In his latest market analysis, Ian Slattery explains how equities reacted to Theresa May’s announcement of a snap election and why investors are playing it safe until the final results of the French elections.
Towards the end of last week, all eyes were on the first round of the French elections, which took place on Sunday. Major exchanges traded in tight ranges, with investors unwilling to put on large positions before the vote.
The initial reaction to the vote this morning has been positive for risk assets. The second round run off looks set to be between Marine Le Pen, and the more market friendly and poll-topping Emmanuel Macron, with Macron the current favourite.
UK equities were hit as Prime Minister Theresa May announced a snap election to be held on June 8th, which caught investors by surprise.
However, Sterling strengthened in the wake of the announcement, paring the losses to eurozone investors.
In economic news, US inflation data was weaker than forecast, which may pare back market expectations for the reflation trade.
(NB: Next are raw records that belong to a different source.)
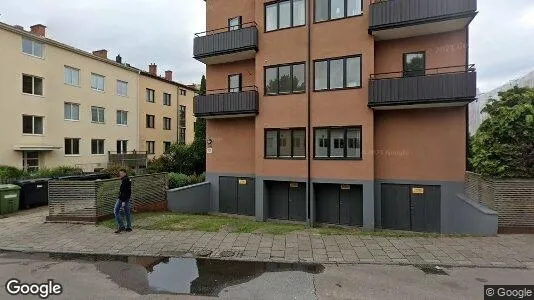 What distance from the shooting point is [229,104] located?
1547cm

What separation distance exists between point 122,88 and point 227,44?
20913 millimetres

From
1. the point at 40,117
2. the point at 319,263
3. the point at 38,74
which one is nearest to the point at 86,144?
the point at 40,117

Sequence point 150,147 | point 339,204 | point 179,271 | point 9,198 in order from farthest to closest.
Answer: point 150,147 → point 339,204 → point 9,198 → point 179,271

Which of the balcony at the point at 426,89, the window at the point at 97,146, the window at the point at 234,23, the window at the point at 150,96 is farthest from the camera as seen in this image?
the window at the point at 150,96

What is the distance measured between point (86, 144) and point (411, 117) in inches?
1057

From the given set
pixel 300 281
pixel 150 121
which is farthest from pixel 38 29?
pixel 300 281

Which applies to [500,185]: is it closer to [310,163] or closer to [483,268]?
[483,268]

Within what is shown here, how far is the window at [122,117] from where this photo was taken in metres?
31.6

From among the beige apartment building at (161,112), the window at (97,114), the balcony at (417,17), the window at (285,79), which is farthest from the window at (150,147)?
the balcony at (417,17)

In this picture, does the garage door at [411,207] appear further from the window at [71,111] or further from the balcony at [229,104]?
the window at [71,111]

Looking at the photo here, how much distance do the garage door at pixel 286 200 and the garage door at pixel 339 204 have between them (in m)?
0.74

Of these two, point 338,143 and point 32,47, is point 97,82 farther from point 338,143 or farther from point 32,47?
point 338,143

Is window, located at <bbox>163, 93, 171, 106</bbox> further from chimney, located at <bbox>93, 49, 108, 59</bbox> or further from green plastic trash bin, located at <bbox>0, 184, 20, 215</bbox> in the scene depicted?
green plastic trash bin, located at <bbox>0, 184, 20, 215</bbox>

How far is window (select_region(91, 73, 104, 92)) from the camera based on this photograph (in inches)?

Q1 earnings continue to be released, with nearly four out of five companies that have reported coming in above market estimates.
The global index finished the week flat, whilst gold, silver, copper, and oil all saw losses.
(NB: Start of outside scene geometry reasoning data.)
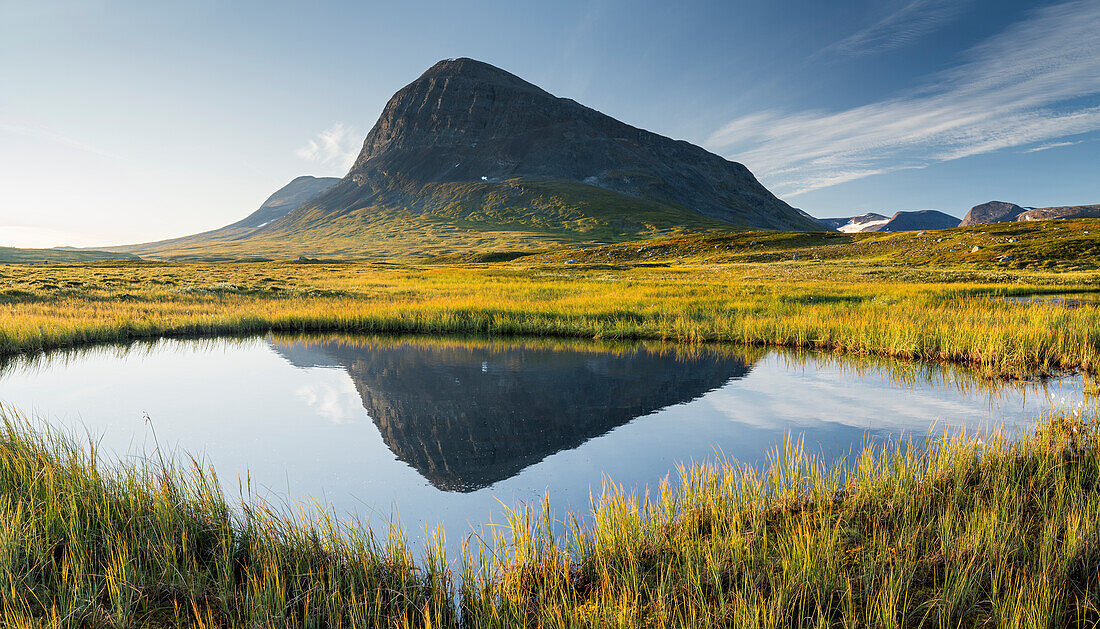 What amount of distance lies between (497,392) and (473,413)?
161 centimetres

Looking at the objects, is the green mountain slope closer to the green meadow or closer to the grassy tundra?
the green meadow

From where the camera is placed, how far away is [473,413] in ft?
35.5

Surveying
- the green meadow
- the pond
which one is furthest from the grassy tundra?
the pond

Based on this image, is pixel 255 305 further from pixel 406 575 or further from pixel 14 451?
pixel 406 575

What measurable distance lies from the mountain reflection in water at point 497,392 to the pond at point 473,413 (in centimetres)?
6

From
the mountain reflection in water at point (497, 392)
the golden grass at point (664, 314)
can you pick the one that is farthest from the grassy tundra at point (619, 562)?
the golden grass at point (664, 314)

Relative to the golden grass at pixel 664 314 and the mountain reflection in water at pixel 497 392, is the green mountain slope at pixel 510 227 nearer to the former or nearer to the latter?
the golden grass at pixel 664 314

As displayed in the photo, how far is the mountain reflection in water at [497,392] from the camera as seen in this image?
862 centimetres

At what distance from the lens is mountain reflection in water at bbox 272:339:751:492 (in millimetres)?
8625

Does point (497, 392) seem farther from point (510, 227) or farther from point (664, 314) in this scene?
point (510, 227)

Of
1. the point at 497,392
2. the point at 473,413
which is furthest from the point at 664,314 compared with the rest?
the point at 473,413

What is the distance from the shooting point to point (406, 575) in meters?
4.48

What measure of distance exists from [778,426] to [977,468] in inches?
Result: 135

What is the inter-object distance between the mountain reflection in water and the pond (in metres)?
0.06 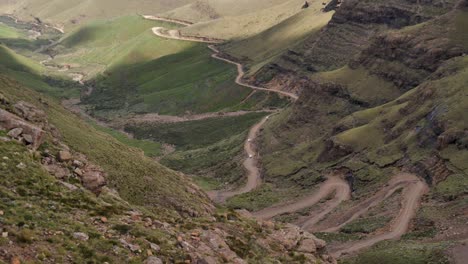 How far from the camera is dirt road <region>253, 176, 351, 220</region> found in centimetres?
11562

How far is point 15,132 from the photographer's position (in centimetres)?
5250

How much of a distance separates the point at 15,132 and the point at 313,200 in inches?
2978

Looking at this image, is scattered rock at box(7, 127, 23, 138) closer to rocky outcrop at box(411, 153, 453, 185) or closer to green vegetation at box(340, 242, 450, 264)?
green vegetation at box(340, 242, 450, 264)

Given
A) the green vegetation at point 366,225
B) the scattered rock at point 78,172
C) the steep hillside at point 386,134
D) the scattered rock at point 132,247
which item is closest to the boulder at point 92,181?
the scattered rock at point 78,172

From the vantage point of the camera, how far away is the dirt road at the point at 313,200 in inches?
4552

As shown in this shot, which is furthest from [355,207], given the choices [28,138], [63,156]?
[28,138]

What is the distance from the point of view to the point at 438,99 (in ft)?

The US 10-year treasury yield was little changed on the week, finishing at 2.25% from 2.24%.
UK equities were hit as Prime Minister Theresa May announced a snap election to be held on June 8th, which caught investors by surprise
The equivalent German yield moved from 0.19% to 0.25% during the course of the week. The euro/USD rate closed at 1.07.
THE WEEK AHEAD
Thursday April 27th
No changes in monetary policy are expected when the ECB Governing Council meets, although they will continue their discussions surrounding a potential end to quantitative easing.
Friday April 28th
Preliminary US GDP data for Q1 is released where the consensus expects a quarter-on-quarter increase of 1.0%, down from 2.1% in the last quarter of 2016.
Friday April 28th
Similar data for the UK also goes to print and a rise of 0.4% (quarter-on-quarter) is forecast, down from the last reading of 0.7%.